Schubert: Pavel Haas Quartet

I offer no comparisons but I love both (actually I've just realised I have the Schubert by the Melos too! That's a first!)


----------



## D Smith

- Bach: Partita for Solo Violin no.2 - Perlman, one of my favourite CD’s ever.

- Mozart: String Quartet, The Hunt - Klenke Quartett

- Schubert: Quartet, Death & the Maiden - Takacs Quartet. Superb.

- Ravel: Piano Trio -Rembrandt Trio. Another treasured disc.

- Shostakovich: Piano Quintet - Beaux Arts w/ Drucker and Dutton


----------



## Xaltotun

Schubert - String Quartet 14 "Death and the Maiden" - Quartetto Italiano. (Really like it)
Also I've listened to Tokyo Quartet (don't own it), and I remember liking it maybe even more.

Schoenberg - Verklärte Nacht String Sextet - Juilliard String Quartet + Trampler + Ma (Like it, but have compared little)
I also have the orchestral version by Chailly / Deutsches Symphonie-Orchester Berlin, but I prefer the sextet version, no matter how well the orchestral version is played.


----------



## Xaltotun

Some suggestions for future threads in this series, joen_cph:

Mendelssohn Piano Trios. Dvorak Piano Quintet. Brahms String Sextets. Bruckner String Quintet. Tchaikovsky String Sextet "Souvenir de Florence".


----------



## joen_cph

Thank you ... so far I thought of perhaps 7 threads, including some of the works you mention; at least, the threads won´t necessarily die out due to short-lived relevance, since new members and other posters can supplement as well and won´t be dependent on an intense, ongoing discussion here.

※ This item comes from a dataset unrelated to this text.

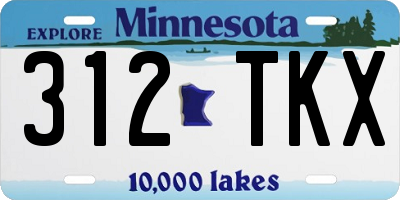 MN license plate 312TKX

BUT actually I don´t feel that I have a monopoly on these threads or the title, so others are welcome to start sequels. 

I also thought of making a thread or two simply consisting of ongoing suggestions / collection answers by members.

However, I would personally like the threads to be of similar design and wordings though, so that they are easy to locate and continue. Also, that lesser known pieces only occur rarely, or in special-edition threads


----------



## TurnaboutVox

*- Bach: Partita for Solo Violin no.2*
I don't own a recording. I have listened to Rachel Podger and Julia Fischer's accounts, slightly preferring Julia Fischer, although I enjoyed both. I will probably add the JF recording to my collection soonish.
*
- Mozart: String Quartet No. 17, KV 458 "The Hunt"*
Leipziger Streichquartett [MD&G, 2003 CD] which I find excellent
*
- Schubert: Quartet, Death & the Maiden*
Quartetto Italiano [Philips, LP and FLAC download, rec. 1966]
I do intend to get a modern version some time, but this vintage Quartetto Italiano version is spellbinding.
*
- Ravel: Piano Trio*
The Florestan Trio [Hyperion, CD, 1999]

*- Schoenberg: String Sextet, Verklärte Nacht/Transfigured Night (orchestral version)*
Chailly, RSO Berlin [Decca, CD, 1990]
I must get a string sextet version also.

*- Shostakovich: Piano Quintet*
Borodin Trio; Mimi Zweig, Jerry Horner [Chandos, LP, 1983]
A long time favourite.


----------



## GKC

Bach: Grumiaux (Philips), Hilary Hahn (Sony)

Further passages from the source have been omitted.